*** Provided data Section Begins ***

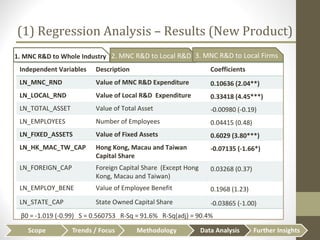 [Econ4354] MNC RnD Impacts | PPT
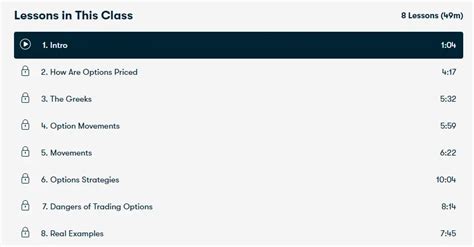 Image result for Options Trading Course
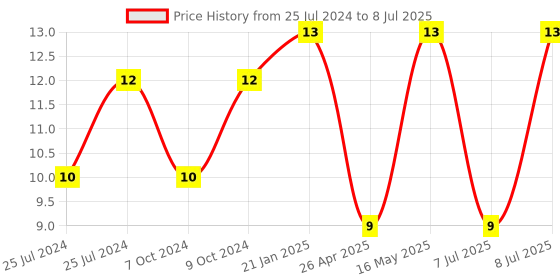 robu.in DIP Switch-HC-31 Price History Graph from 25 Jul 2024 to 8 Jul 2025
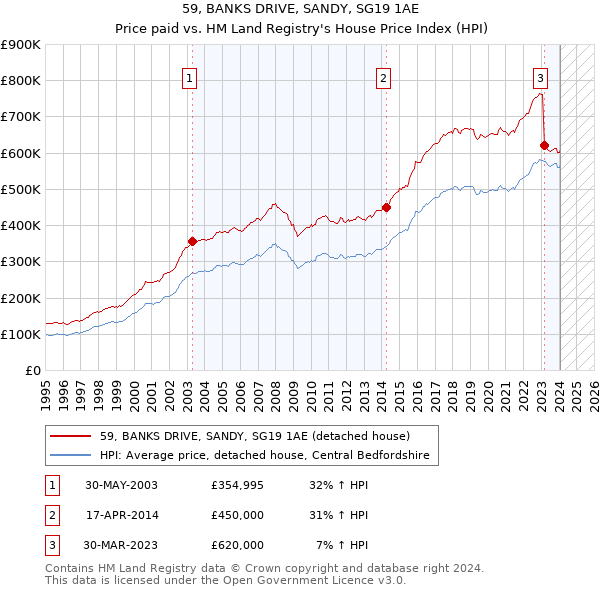 59, BANKS DRIVE, SANDY, SG19 1AE: Price paid vs HM Land Registry's House Price Index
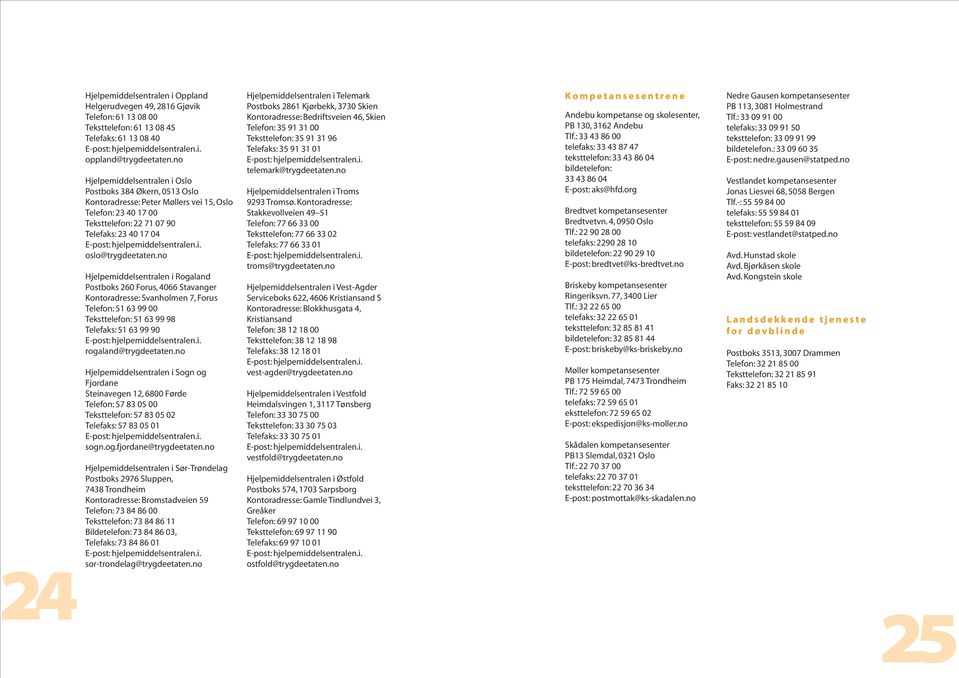 no Hjelpemiddelsentralen i Rogaland Postboks 260 Forus, 4066 Stavanger Kontoradresse: Svanholmen 7, Forus Telefon: 51 63 99 00 Teksttelefon: 51 63 99 98 Telefaks: 51 63 99 90 rogaland@trygdeetaten.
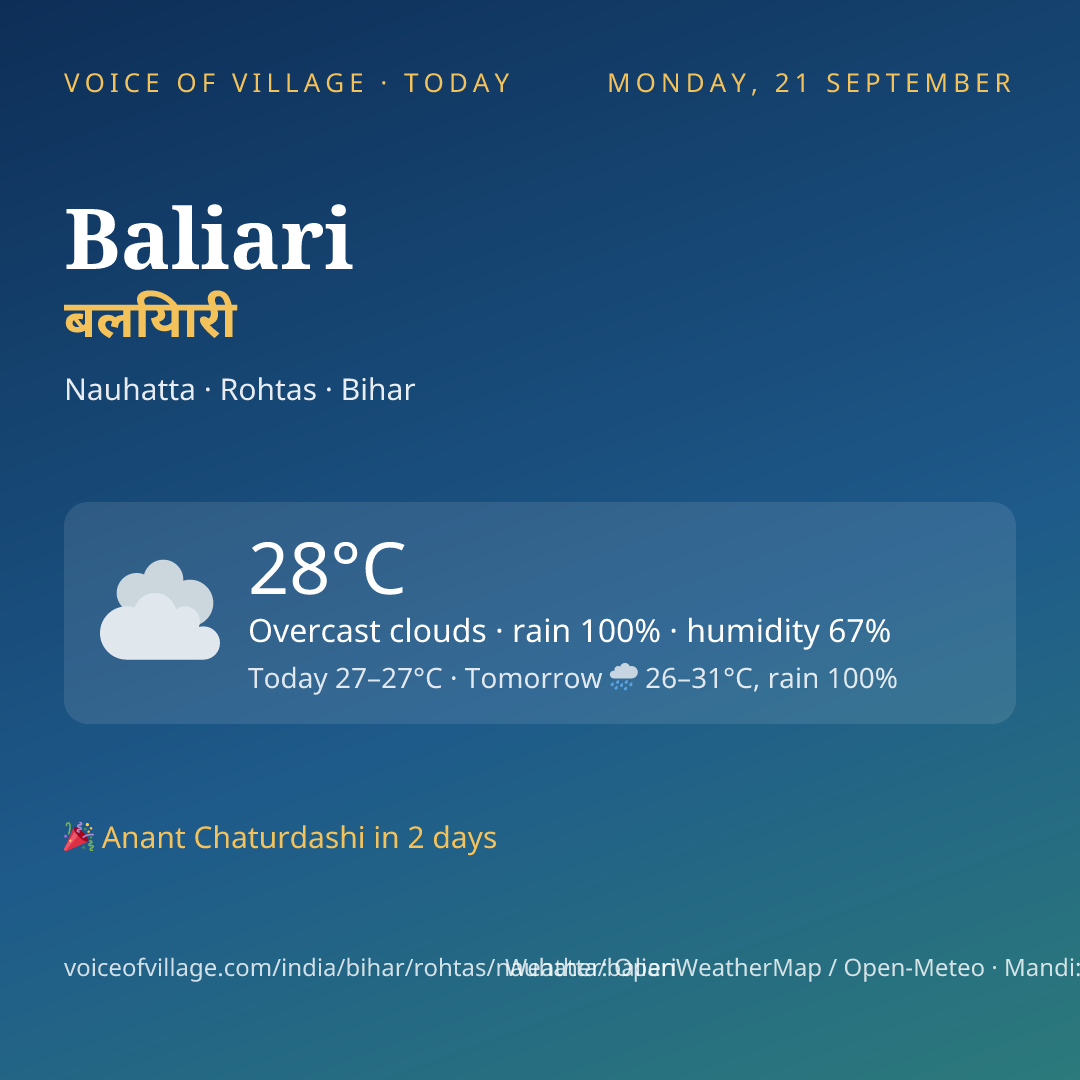 Baliari today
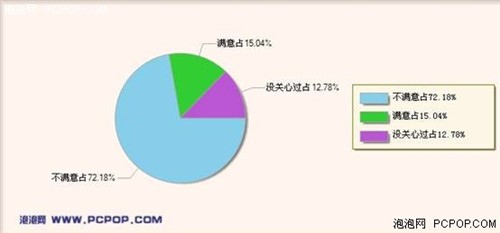 卓越音质笔记本推荐 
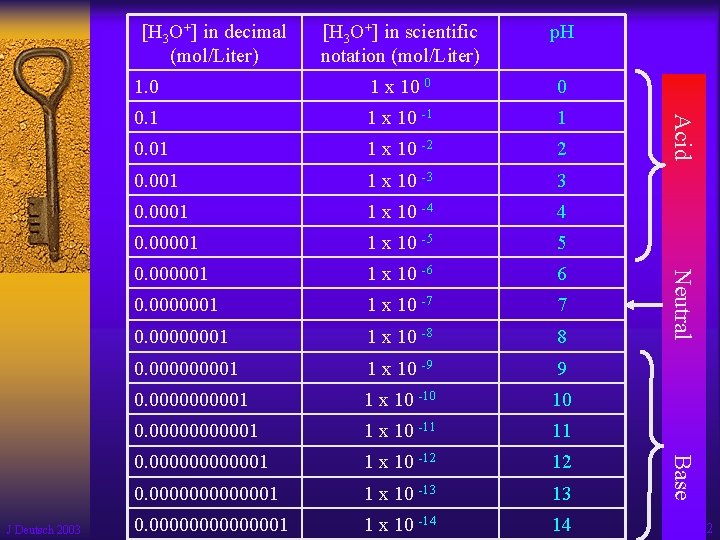 [H 3 O+] in decimal (mol/Liter) 1 x 10 0 0 0. 1 1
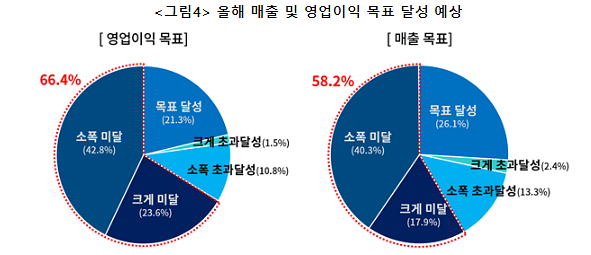 새해 첫 기업 체감경기… 2년 전 코로나 수준으로 하락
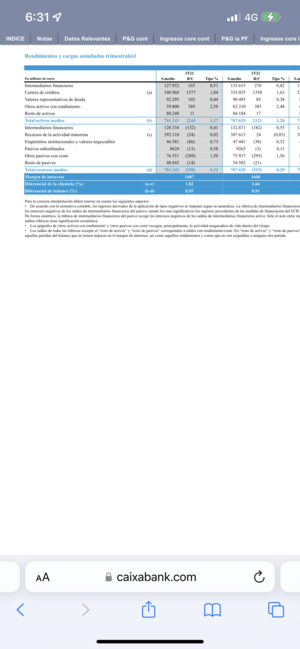 Todos somos iguales pero unos más iguales que otros: La Banca.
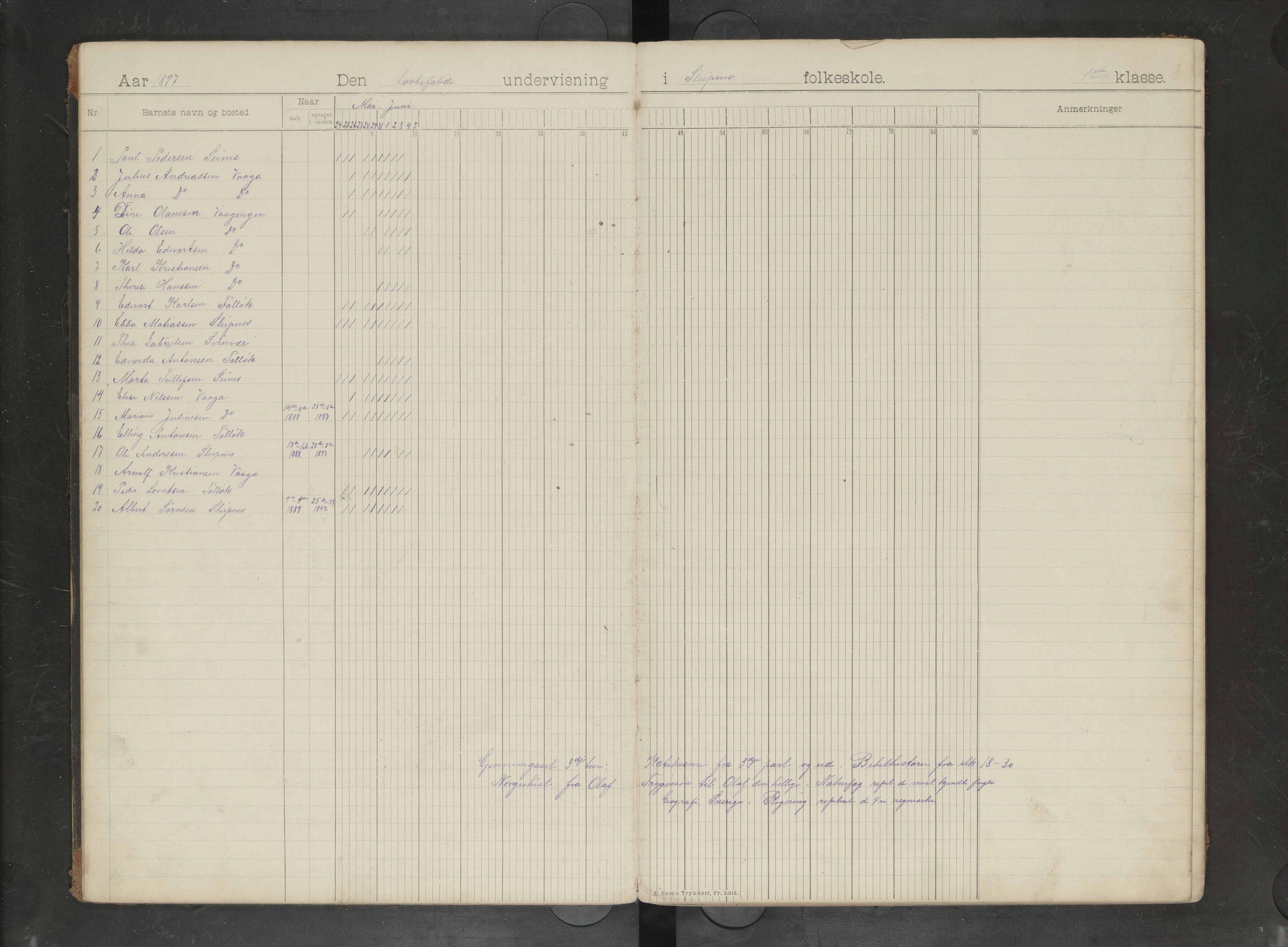 Rødøy kommune. Ymse skolekretser , AIN/K-18360.510.04/F/Fa/L0015: Skoledagbok:Gjerøy/Sleipnes, 1897-1911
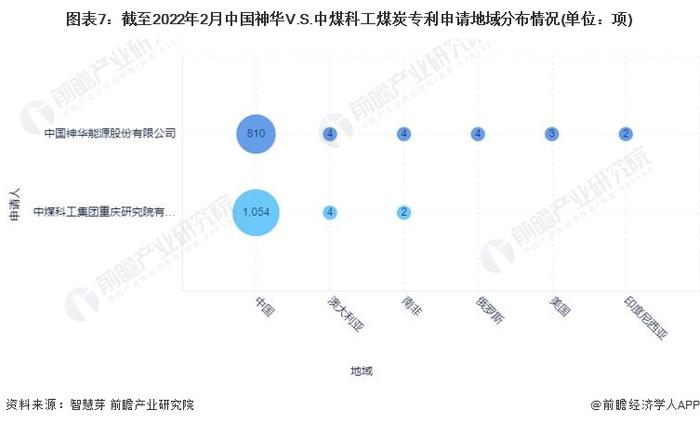 独家！2022年中国煤炭技术龙头企业市场竞争格局分析 中国神华VS中煤科工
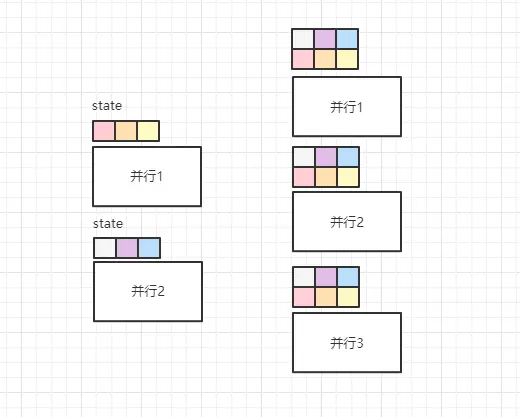 Union List State 并行度调整的重分配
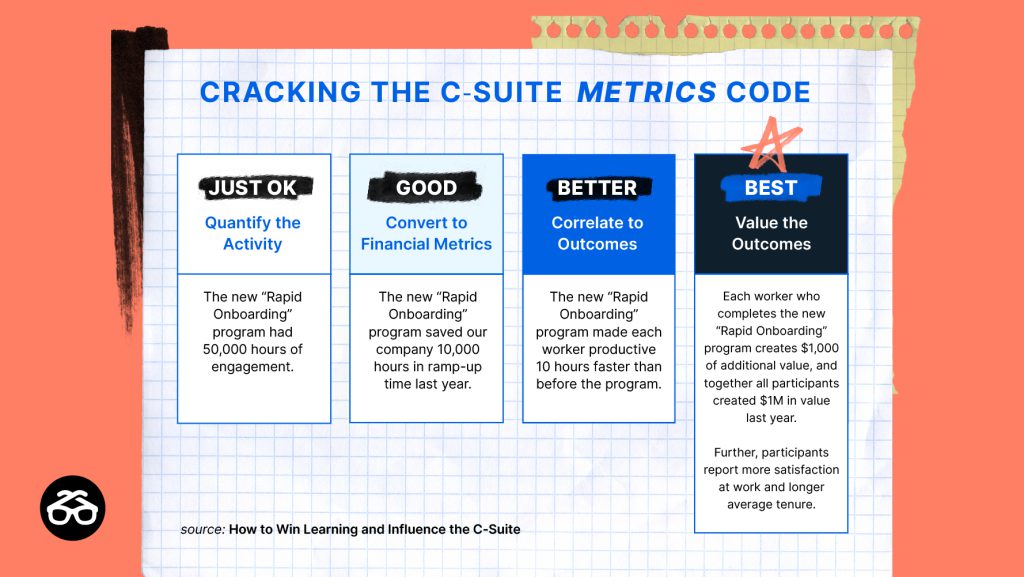 The Best ROI of Learning Metrics for C-Suite Graphic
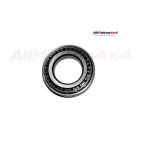 Bearing Wheel Hub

*** Provided data Section Ends ***

# Your task
Omit the pictures and write out the lines above from the one with "The Best ROI" through the last, unchanged.

# Result of this exercise
 The Best ROI of Learning Metrics for C-Suite Graphic
 Bearing Wheel Hub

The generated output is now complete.